Minor mortgage players feel the squeeze

May 26, 2009

The banking sector’s so-called ‘Big Four’ is possibly morphing into a Big Two, while regional banks and non-banks continue to be squeezed - according to new research that has the ACCC concerned.

A banking industry review by Brandmanagement found that, while all of the Big Four expanded their mortgage books in the March quarter, Australia’s two giants in the housing sector - Westpac and Commonwealth - had taken a disproportionate share. Following the CBA-BankWest and Westpac-St George Bank mergers, the two companies have claimed around 85 per cent of mortgage growth amongst the majors during the period.

The report, obtained by The Australian, discovered that $22.7 billion of the $26.6 billion growth in mortgage books by the majors in the March quarter was achieved by CBA/BankWest ($15 billion growth) and Westpac ($7.7 billion).

ACCC Chairman Graeme Samuel indicated at the time of approval of the CBA-BankWest deal that the competition watchdog was unhappy with the deal but had little option but to approve it. He has now added that further consolidation in the sector would now be unlikely.

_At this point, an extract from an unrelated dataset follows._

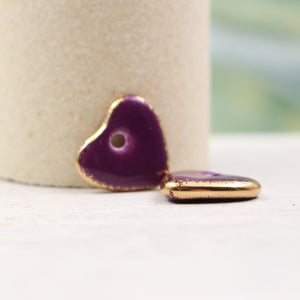 Ceramic heart charms for jewelry and accessories handmade in France by Alain Granell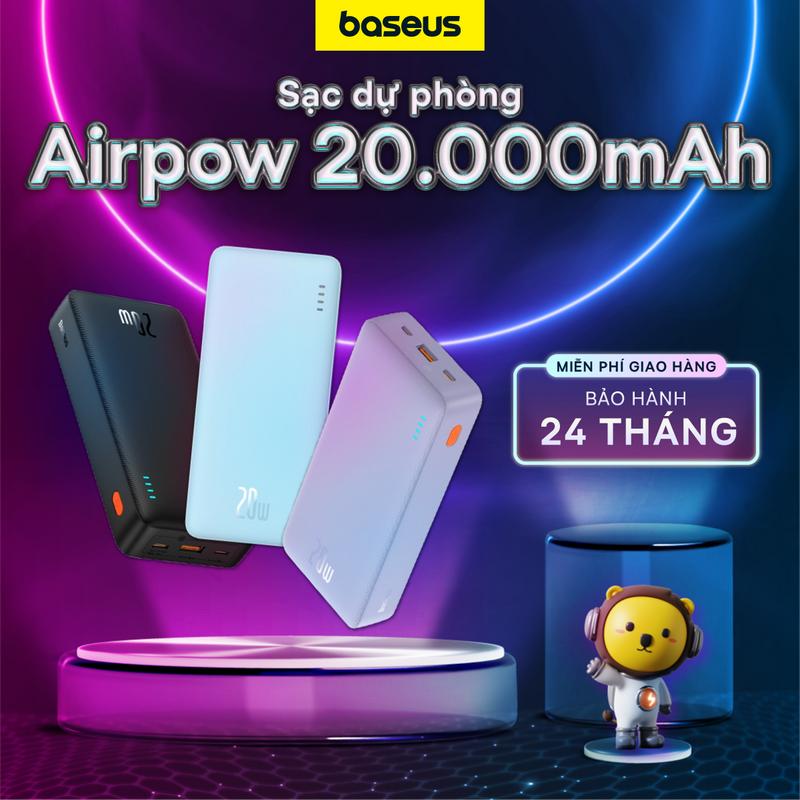  【BẢO HÀNH 24 THÁNG Baseus Airpow Cục Sạc Nhanh 20w 20000mah Cho iphone 15   14   13   12 Android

The statistics underlined the power of the Big Four as the “flight to safety” since the credit crunch has taken off. They now hold 72 per cent of outstanding mortgages by value ($730 billion), markedly higher that last year when they commanded a 57.5 per cent share ($539 billion).

Banks outside the Big Four saw a $1.8 billion net decline in their mortgage books in the March quarter, with Macquarie Group, Bendigo and Adelaide Bank and Citi recording falls.

“We are increasingly concerned about the potential for a less than intensely competitive structure developing amongst the banks and the non-bank financial institutions as we emerge from the global financial crisis,” Mr Samuel said.